PC based Logic Analyzers (LAs) allow studying signals in digital circuits. These LAs sample the circuit under study at frequencies that vary from 1 MHz to about 50 MHz, and plot the resulting data as a timing diagram. The software that accompanies the LAs usually allows further analysis of the data, and can interpret busses such as CAN, I2C, I2S, RS-232, and SPI.

Saleae Logic I2S Analyzer

There are commercial LAs such as Logic from Saleae (pronounced Say-lee-‘A’), and open source LAs such as the Open Logic Sniffer. These are very capable devices and have varying features.

I’ll use Logic from Saleae to demonstrate how these LAs can be used. In our demonstration, I’ll create a simple C# app that reads a binary file exported by Saleae Logic, and calculates the frequency of a square wave signal under study.

Generating and exporting a waveform

Square wave signals can be generated using oscillator circuits. The use of a 555 timer IC is an easy way to build one. Lab waveform generators, like the one’s from Agilent, can also be used.

I’ll assume you have installed the latest version of the Saleae Logic software, currently at version 1.1.4. This is a multi-platform version and runs on Linux and Mac OS X, besides Windows. Connect Logic to a PC using an available USB 2.0 port. It is recommended that you have no other USB device connected to the PC, because Logic has a very small buffer and data needs to be retrieved from the device as quickly as possible. At higher sampling rates, buffer overflow is very frequent and this limits the practical rate to 24 MHz or less.

Connect the first input pin (gray wire of the accompanying 8-pin connector) of Logic to the output of the oscillator circuit or waveform generator. In our tests I used a waveform generator producing a square wave at 1 MHz. To accurately measure this signal, Logic needs to sample it at 4 MHz, or more. I used the Logic software at a sampling rate of 8 MHz. Capture about 10 million samples (1.25 seconds of data). Export the data to a binary file at 8-bit byte per sample.

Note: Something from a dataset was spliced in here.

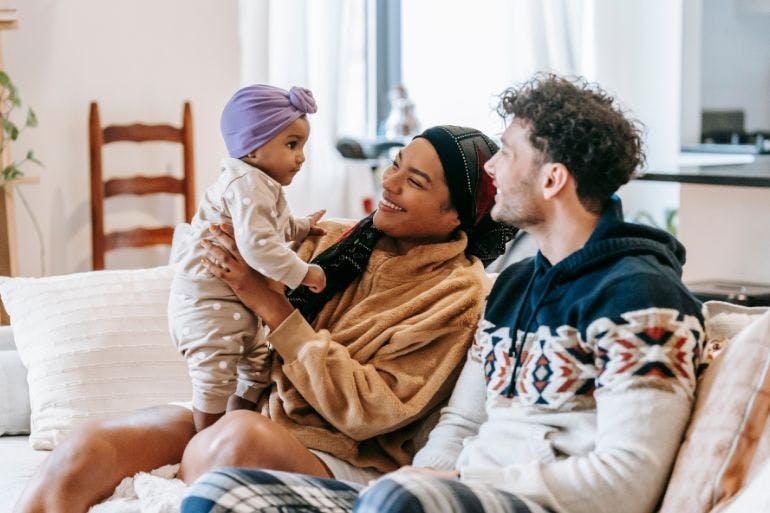 A couple and their baby on couch on shared parental leave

Saleae Logic Data Export dialog

Programming your own analyzer

Here’s a simple C# program that reads the binary file and calculates the frequency of the input signal

uint sampleFreq = 8 * 1000 * 1000;
double averageFreq;
// Skip to a well known point by reading successive transitions.
// Useful for reading clock signals. Skips one clock.
private uint SkipToKnownPoint(byte[] data, uint i)
{
    while ((data[i] & 0x01) == 1)
    {
        i++;
        if (i >= data.Length)
        {
            return 0;
        }
    }
    while ((data[i] & 0x01) == 0)
    {
        i++;
        if (i >= data.Length)
        {
            return 0;
        }
    }
    return i;
}

private void CalculateFrequency(byte[] data)
{
    uint i = 0;
    uint start;
    uint end;
    double avg = 0;
    uint k;
    // skip to a known point
    i = SkipToKnownPoint(data, i);
    if (i == 0)
    {
        return;
    }
    // 9 is arbitrary
    for (k = 0; k < 9; k++)
    {
        start = i;
        i = SkipToKnownPoint(data, i);
        if (i == 0)
        {
            return;
        }
        end = i;
        avg += (end - start);
    }
    avg /= k;
    averageFreq = sampleFreq / avg;
}

SkipToKnownPoint method skips a “square” wave by one clock cycle each time it gets called. CalculateFrequency calls SkipToKnownPoint several times, and calculates the average number of bytes that represent each clock cycle. It then divides the sampling frequency by that value to get the average frequency of the input waveform.

Opening a file and reading binary data from it has been left as an exercise for the reader. Just feed the data as a byte array to the CalculateFrequency method.